The members of Black Ops have all been performing improv at Dirty South for at least five years, so while their three-man formation is new, they've been working together for a long time. So how do they keep things interesting? "We do a lot of fun and varied characters," says Holmes. "We do pretty quick and short scenes for a big impact."
Calling Theatre 99 a stalwart in the Southeastern comedy scene, he acknowledges the interconnectedness of Lowcountry comedy. A native of Columbia, S.C., Holmes says that the improv scene is both big and small enough to follow him wherever he goes, adding, "The icing on the cake is getting to meet big comedians."

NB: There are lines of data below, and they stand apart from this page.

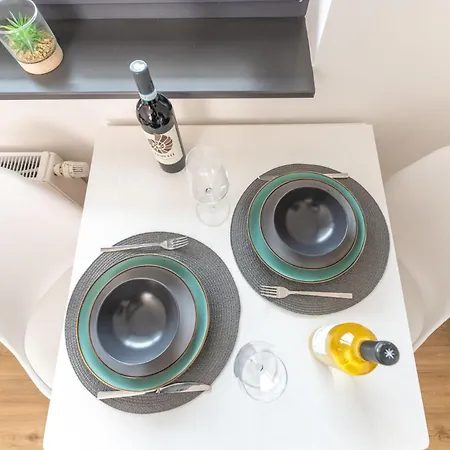 Modernes Studio-apartment Mit Balkon Und Privatem Stellplatz Fuer Bis Zu 4 Personen Nur Wenige Minuten Von Der Innenstadt & Mosel Entfernt Lägenhet Koblenz (Rhineland-Palatinate)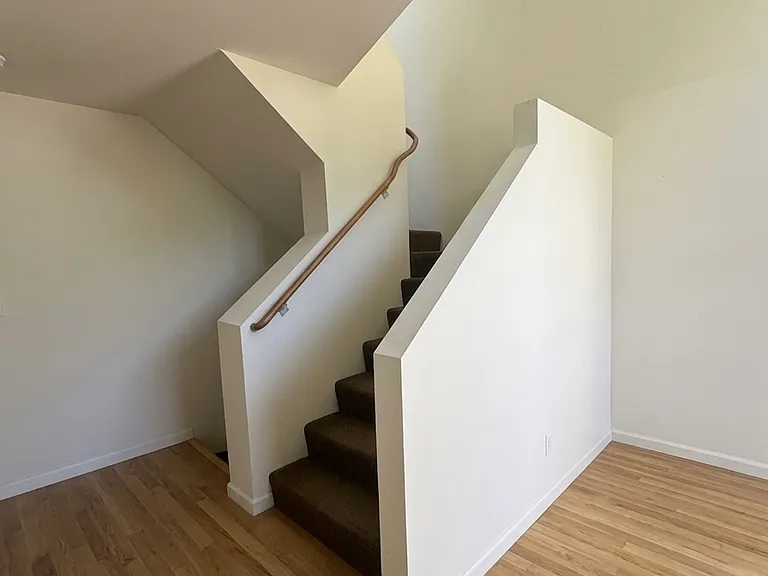 6490 Doyle St — Photo 4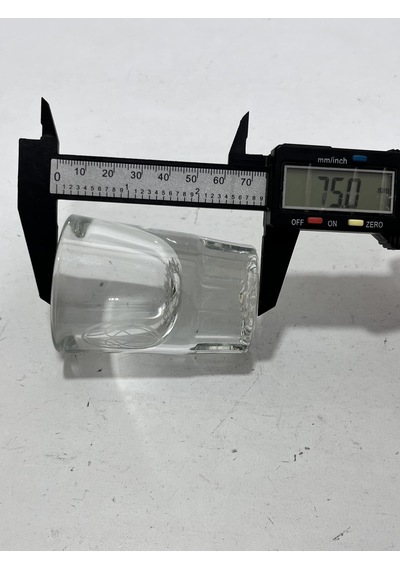 Desenli Kristal Cam Likör Bardağı Defolu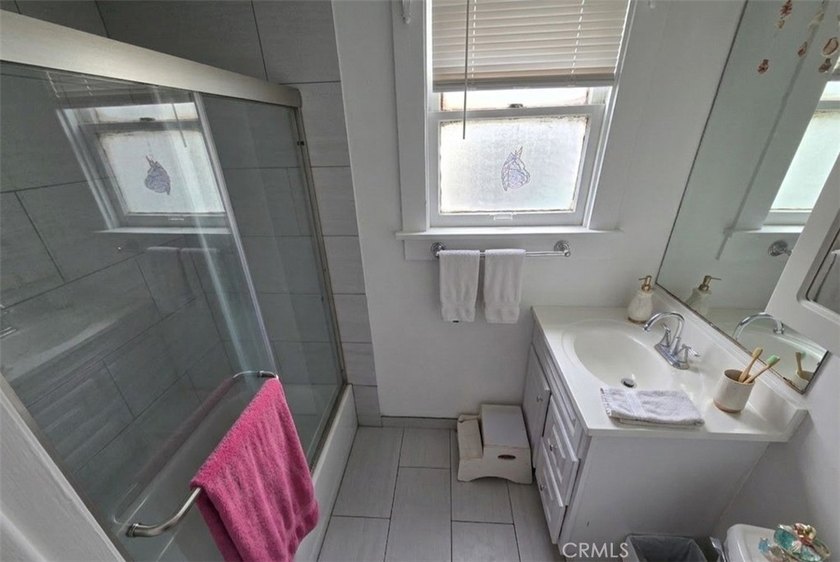 INVESTMENT OPPORTUNITY OR YOUR NEW HOME: This lovely 1923 - photo 9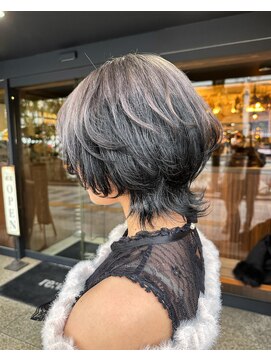 カフェアンドヘアサロン リバーブ(cafe&hair salon re:verb) レイヤードウルフマッシュ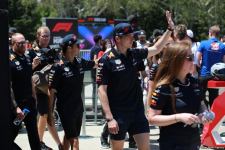 Formula 1 pilotlarının Bakıda avtoqraf sessiyası keçirilib (FOTO)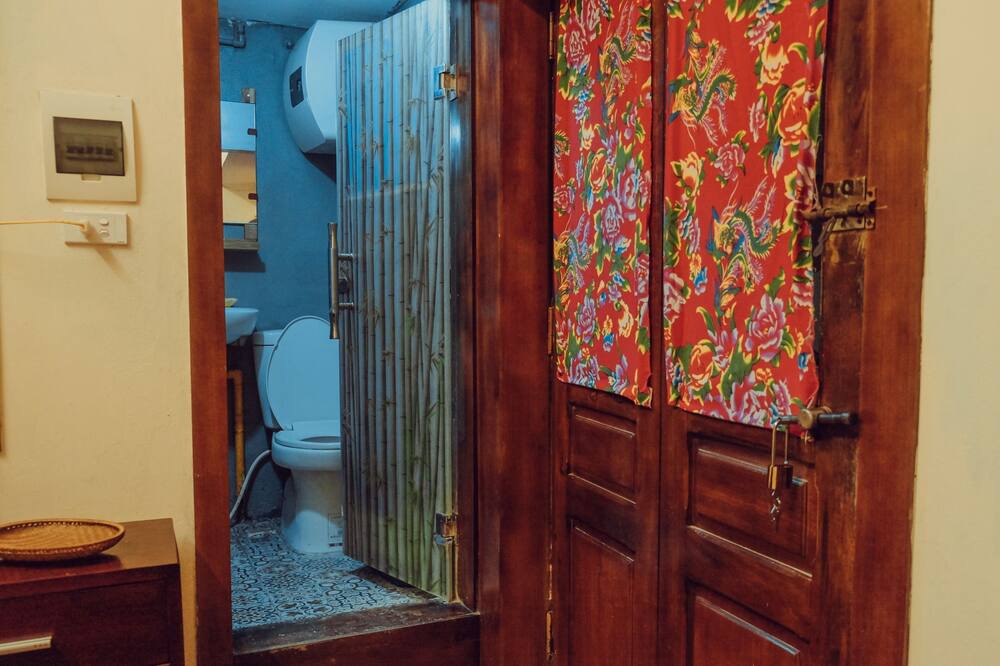 Photo of Bathroom in Hang Buom
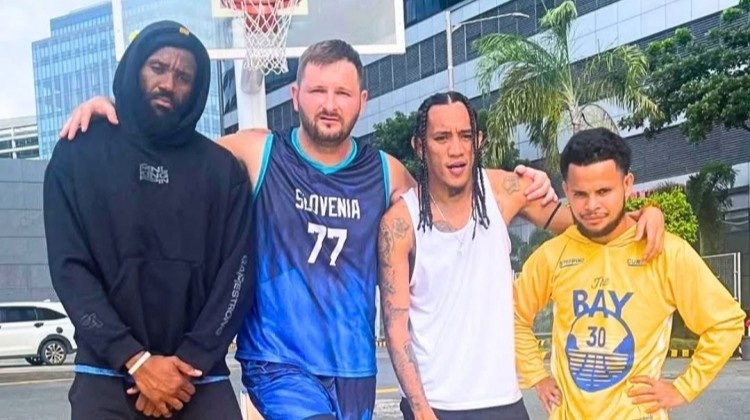 大声说出他们的名字!FIBA转发山寨詹姆斯&东契奇&库里等人合照! 大声说出他们的名字!FIBA转发山寨詹姆斯&东契奇&库里等人合照!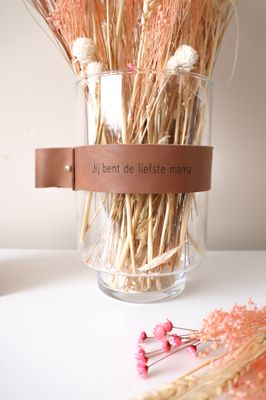 Vaas : "Jij bent de liefste (plus) mama"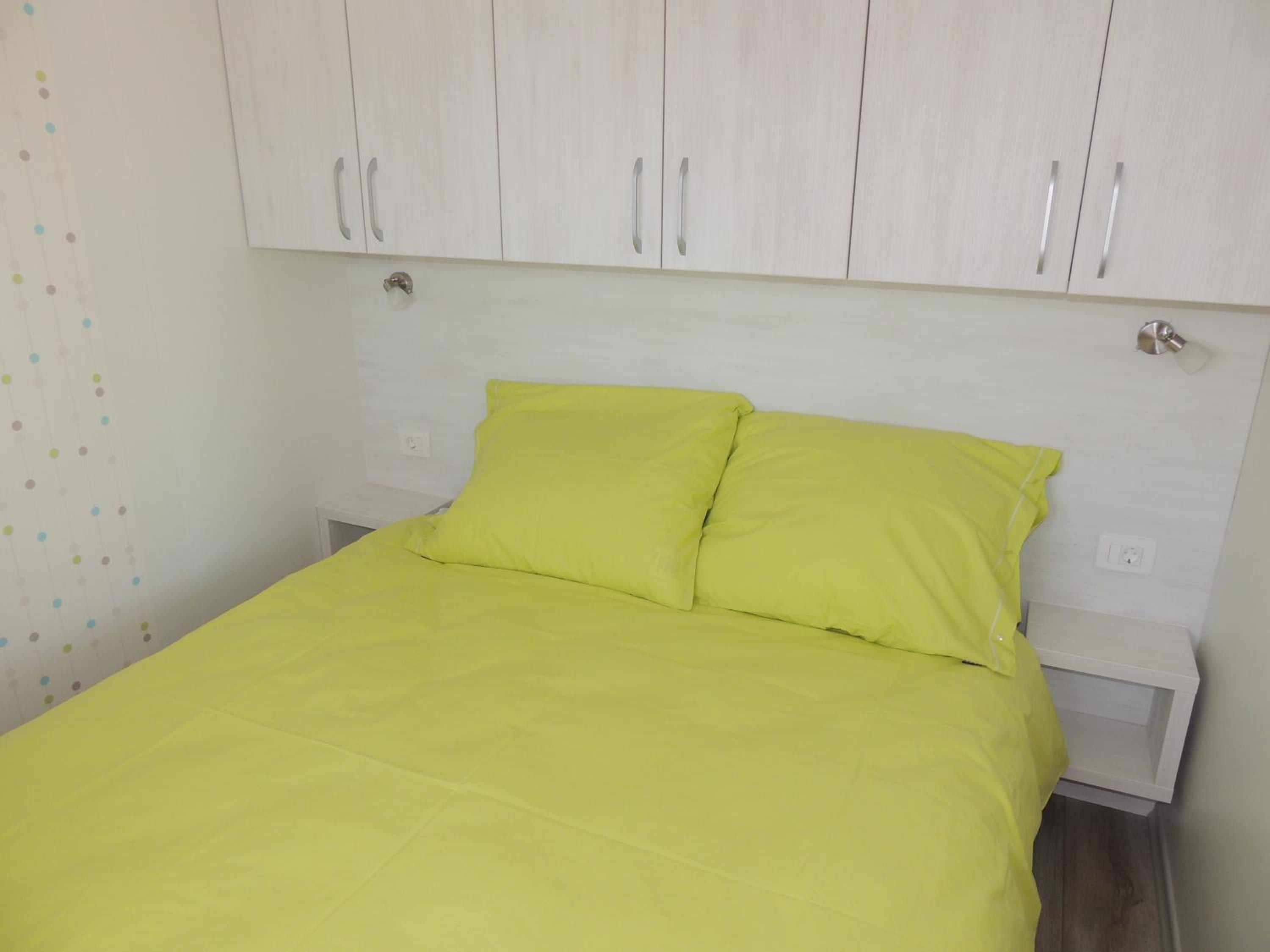 Two-Bedroom Bungalow - Photo 5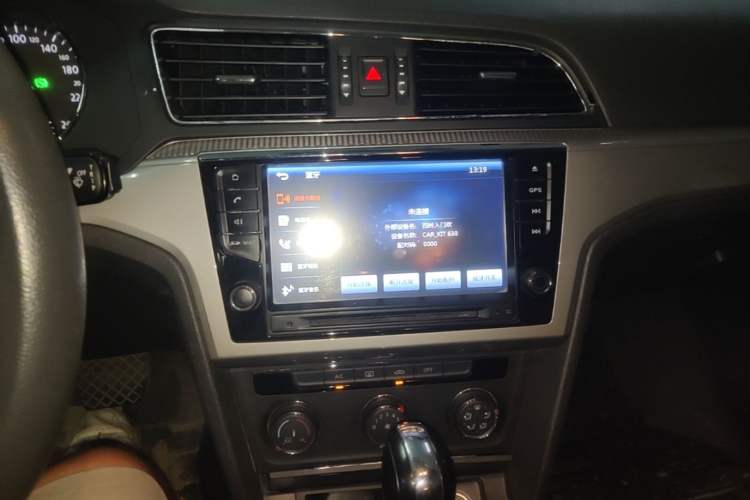 Used Volkswagen Lamando 2015 230TSI DSG Fashion Edition Audio And AC Panel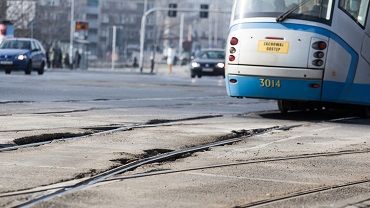 Coraz częstsze wykolejenia tramwajów. W jakim stanie są wrocławskie torowiska? [ZDJĘCIA]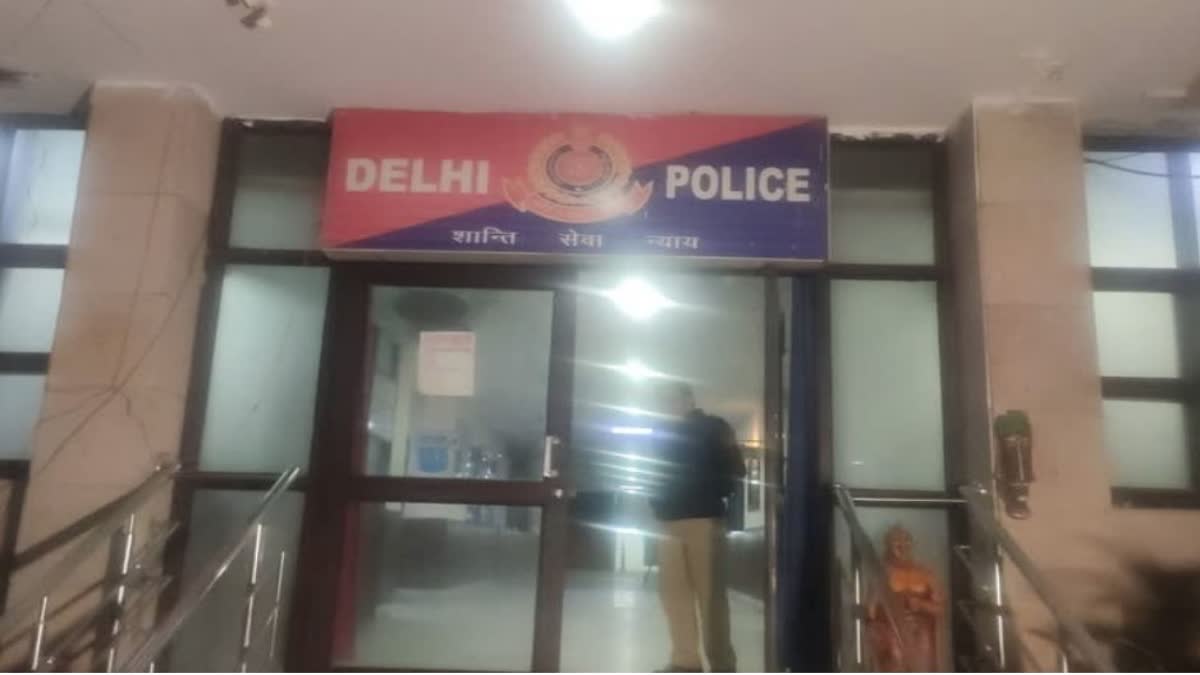 पुलिसकर्मियों पर गिरी गाज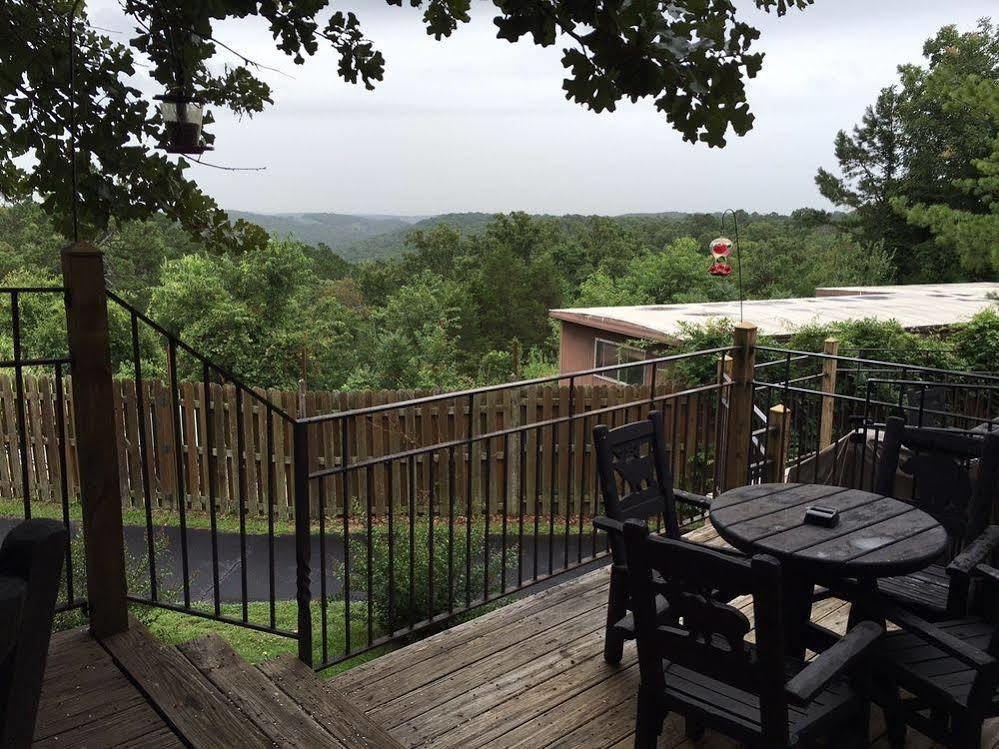 Country Mountain Inn Eureka Springs Exterior photo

Panties in a Twist, an all-female sketch comedy group based in Norfolk, Va. sold out concert space the NorVa with their performance last year. That's kind of like selling out Charleston's Music Farm, which is a big damn deal for any comedy group. The gals expand once a year for a big show featuring performances from as many as 30 locals, comedians and otherwise. The downsized group of five women will travel to Charleston.
The brainchild of Brad McMurran, founder of the sketch group The Pushers, Panties in a Twist was inspired by a 2002 all-female version of a Shakespeare play that McMurran saw. Group member Alba Woolard says she jumped at the idea of an-female comedy group as soon as McMurran pitched it.
"It's something the community wanted," says Woolard, whose day job is a standardized patient educator at Eastern Virginia Medical School. And the community has been very supportive so far — Woolard says she can't recall an audience that was anything but receptive, adding that one of the benefits of group sketch comedy is that each performer has each other's back. The structure of the show, a 25 minute set for the Charleston performance, features sketches, music, and a little bit of improv.
While the group's name suggests a woman-centric show, Woolard assures us that even guys can get their panties in a twist. "Men love the show just as much," she says, adding that most topics — like relationships and jobs — are universally understood (and almost always funny).